Всегда умиляла меня своей отроческой жизнерадостностью разудалая логика гуманистов. Приблизительно так: мы - гуманисты, а он - не гуманист; так трави его, братцы, вдарь ему по мозгам! В общем, то же, что было тысячу раз: в жертву той установке, которая считается правильной, принести одного - мелочь какая, ведь только лишь од-но-го! - человека. Растоптать его, и все тогда пойдет хорошо: гуманизм восторжествует, одержит победу. На себе испытал, было дело. Не сержусь ни на кого. Зла в душе не таю. Только логики их - не дано мне понять.
Стало быть, полсчастья мне еще предстоит получить: заработал. Как оно выглядит, того ведать мне не дано. Что ж, придет и мой час, узнаю; а пока от оккультистов буду отмахиваться, словно от назойливых комаров на цветущем летнем лугу.
А полсчастья я уже когда-то приобрел. Но и оно от меня сокрыто. Осторожно допускаю, однако: а что, если это о нем, о счастье моем несказанном, мне Василий Кандинский на своих полотнах рассказывает да бормочет своими нечленораздельными восклицаниями Велемир Хлебников? И у них получается лучше, чем если бы я сам что-то людям пустился рассказывать. Спасибо им, значит, еще в бытность мою беззащитным младенцем они признали меня равноправным субъектом искусства; они попытались вернуть меня к самому себе и вместе со мной пережить начало громадного счастья.

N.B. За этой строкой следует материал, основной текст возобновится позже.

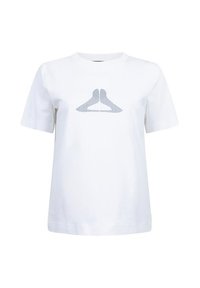 Witte katoenen t-shirt met korte mouwen, met een zilveren hanger grafiek in het midden. Eenvoudig ontwerp met een rechte snit en ronde hals.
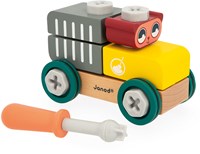 Janod Brico'Kids - Houten bouwwagen met beer en blokken - Educatief speelgoed-3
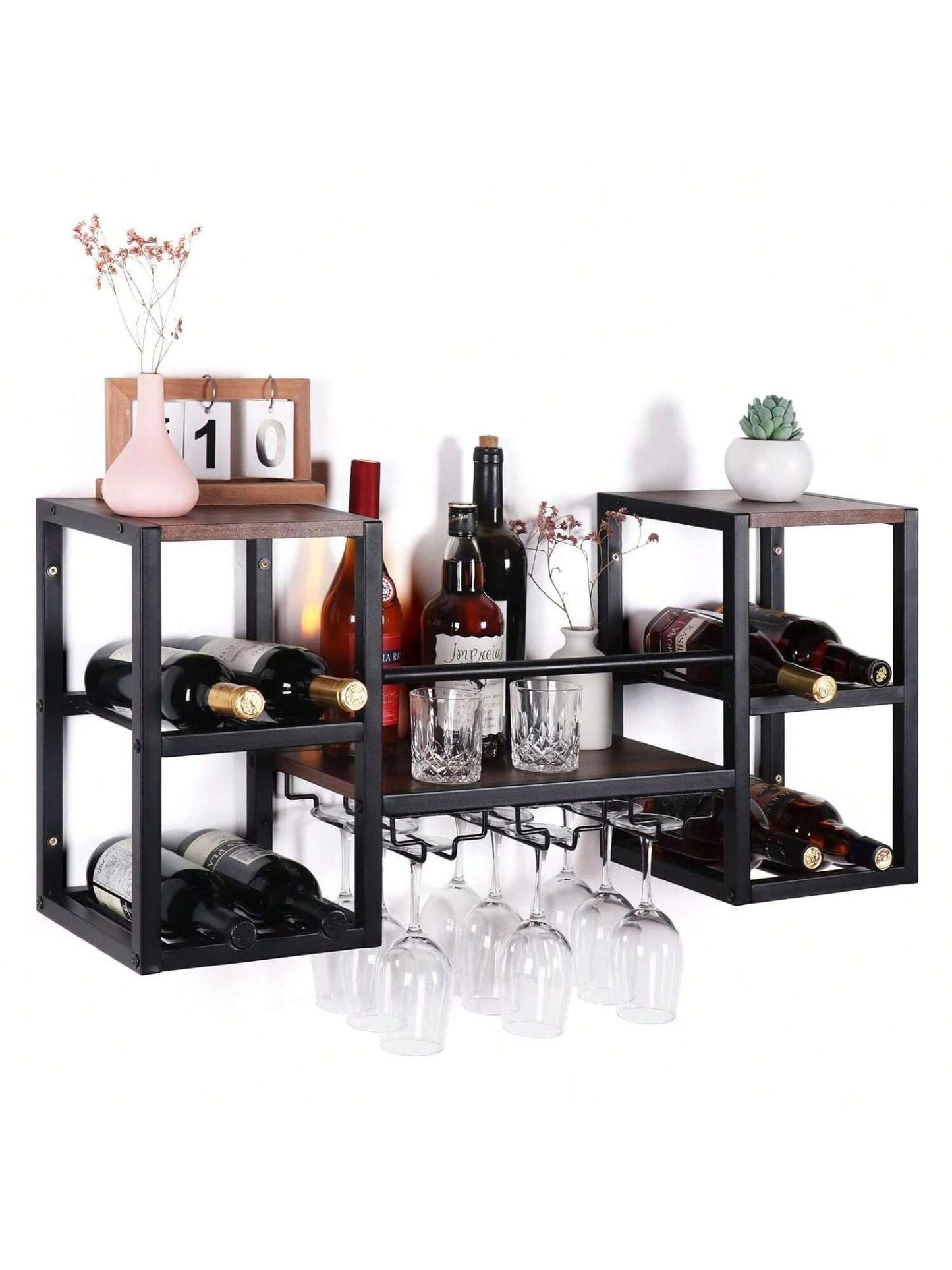 Homehours Hanging Wine Rack Wall Mounted, Floating Liquor Bottle Shelf with 3 Team Glass Holder Wine Shelf Bar Shelves Stemware Rack for Wall Wine Storage Display Rack for Home Bar Dining Room Kitchen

Детство, младенчество - величайшая загадка природы. Там же, где есть за-гад-ки, не могут в одночасье явиться раз-гад-ки. Им до-гад-ки предшествуют. Модернизм - догадка, и только. И можно лишь радоваться тому, что перестали нервно шарахаться от нее, с грехом пополам в нее пытаемся вникнуть.
В общем же, так: счастлив был, когда я родился; счастлив буду, когда, подобно рабочему, честно отстоявшему у станка свою смену, уйду из жизни. Не потому, что в ней плохо, нет. Напротив, как раз потому, что в ней хорошо. Но пора и честь знать: обрести необходимое завершение.

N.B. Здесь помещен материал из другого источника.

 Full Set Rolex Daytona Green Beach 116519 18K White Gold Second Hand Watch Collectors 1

Модернизм - единственный тип искусства, который вместе со мною нынешним строит предположения, гадает о том, как я видел мир, вступивши в него. Тем-то он мне и близок. И не мне одному, полагаю: фильмы Сергея Параджанова и Александра Сокурова уже не вызывают ухмылок, топота и щелканья откидываемых кресел в кино, картины Филонова - ярости критиков. А бульдозеры, видимо, поистратили весь свой пыл на сокрушение авангардных выставок. Попрятались в щели. Им бы сейчас самое время по столичному городу прогуляться, поскоблить ледяные наросты, сугробы раздвинуть. Но что-то их не видать. И балансируем мы по наледи, стеная, чертыхаясь и падая. Ломая руки, ноги и ребра; так мы и проводили минувший год.
1988 год большим годом был в сфере нашей духовной жизни: общество почувствовало, что модернизм - не блажь, не каприз и тем более не диверсия. Оно стало задумываться, и закончим назидательною банальностью: лучше поздно, чем никогда.